Limitations & Future Work

  • The experiments only cover the Qwen3-VL series (2B/4B/8B) and lack cross-validation on the stability of \(q_T^*\) construction across LLaVA, InternVL, or Gemma architectures. Since vision-text fusion methods vary greatly across base models, the transferability of the conclusions requires further validation.
  • The concept of "pure-text context" in VLMs assumes the model can still provide a valid distribution without image tokens, which might not hold for architectures using learned image tokens or soft prompts (e.g., Q-Former inserted before word embeddings).
  • \(\gamma=2.0\), \(\lambda=0.01\), and threshold \(Q_{0.7}\) are empirical values. No scheme for automatic tuning based on student size is provided; in particular, the setting of \(\alpha\) during the RL phase might be strongly coupled with \(\gamma\).
  • Evaluation is currently limited to static image + math/logic reasoning tasks. The transferability of VGS to real-world multimodal dialogues or long-video understanding remains unknown.
  • vs On-Policy Distillation (Agarwal et al., 2024): They proposed a pure-text distillation framework using Reverse KL + on-policy sampling; this work is a multimodal extension. The difference is the direct attack on the geometric flaws of monolithic KL rather than changing the KL type.
  • vs GradNorm / PCGrad / GradVac etc. multi-task gradient surgery: Traditional methods perform projection/re-weighting after per-task gradients are obtained.

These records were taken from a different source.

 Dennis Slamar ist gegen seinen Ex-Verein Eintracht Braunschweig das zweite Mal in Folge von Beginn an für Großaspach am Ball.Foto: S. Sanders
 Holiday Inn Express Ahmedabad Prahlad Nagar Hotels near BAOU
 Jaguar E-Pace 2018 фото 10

This work does not require per-task gradients (visual and language terms share the same tokens), incurs nearly zero overhead, and the directional correction is explicitly interpretable (always tilting toward \(\nabla\ell_{\text{Vis}}\)).

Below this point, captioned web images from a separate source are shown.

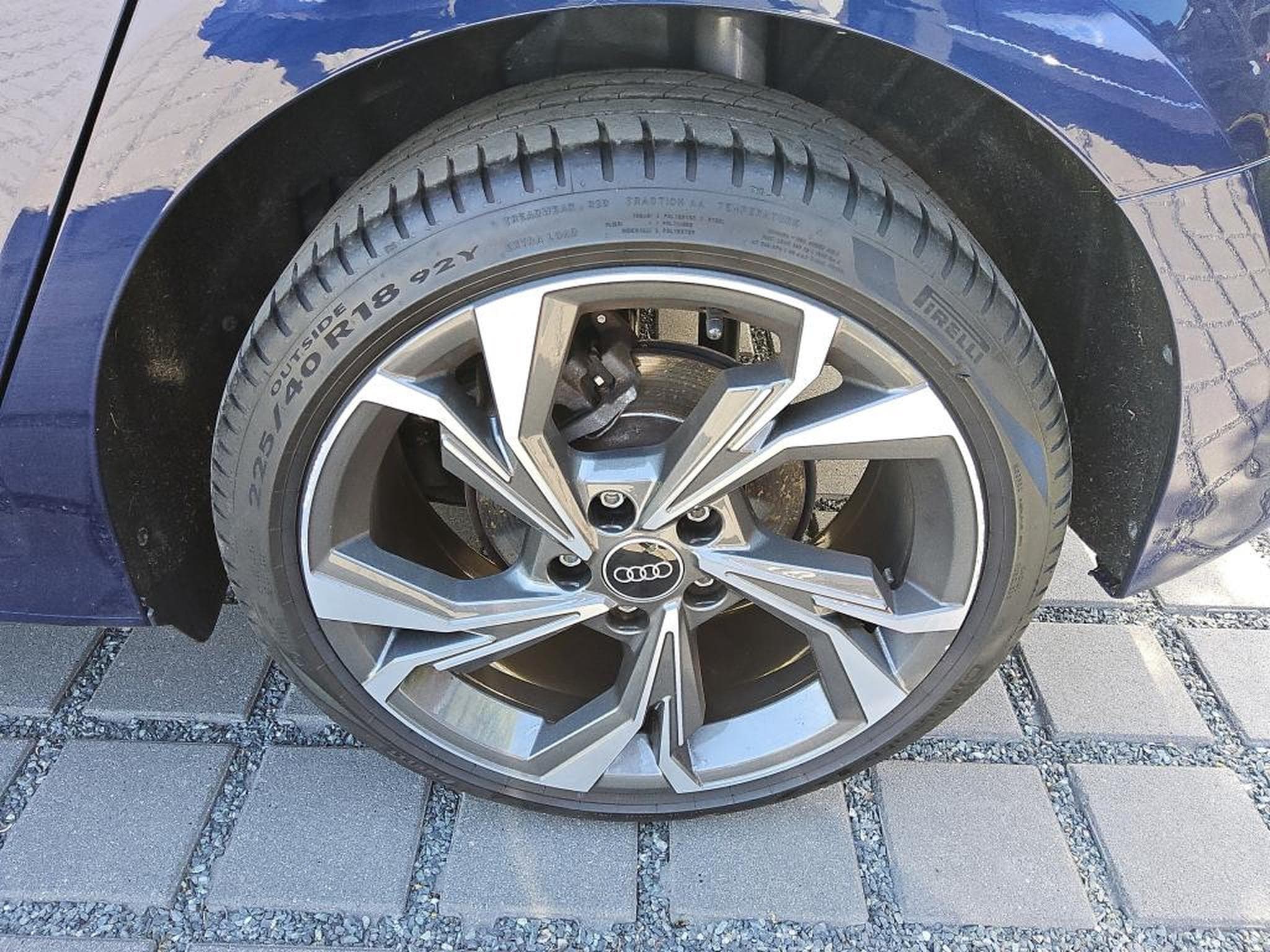 Audi A3 Sportback Advanced 30 TFSI 110 CV *ATTELAGE* * 18" * (2023) - Photo 10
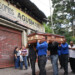 Compañeros de Rafael Sulbarán, trabajador del volante asesinado en Carrizalito, colocaron su féretro en el taller donde también trabajaba e hicieron un recorrido por la capital mirandina.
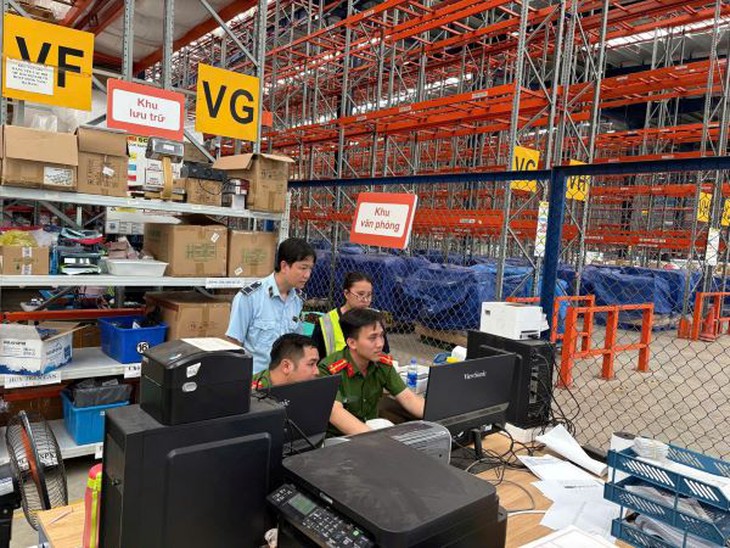 Kiểm tra Công ty Á Châu, thu giữ hàng trăm nghìn sản phẩm không rõ nguồn gốc- Ảnh 1.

  • vs RLVR / GRPO: RL provides sparse outcome rewards while distillation provides dense token-level supervision; this work treats them as complementary. GRPO + VGS achieves implicit length regularization aligned with the teacher, which is more stable than the length explosion seen in pure GRPO.

Rating

  • Novelty: ⭐⭐⭐⭐⭐ Bayes decomposition + gradient orthogonal analysis is the first work in VLM distillation literature to explicitly separate language/vision to examine gradient geometry.
  • Experimental Thoroughness: ⭐⭐⭐⭐ Seven reasoning benchmarks + two student scales + GRPO hybrid training, though only covering one model family.
  • Writing Quality: ⭐⭐⭐⭐⭐ Clear derivations; geometric diagrams (Fig.3) and training dynamics plots (Fig.4) consistently support the core hypothesis.
  • Value: ⭐⭐⭐⭐ Can be integrated into existing on-policy distillation frameworks at almost zero cost, providing a plug-and-play boost for the small VLM training community.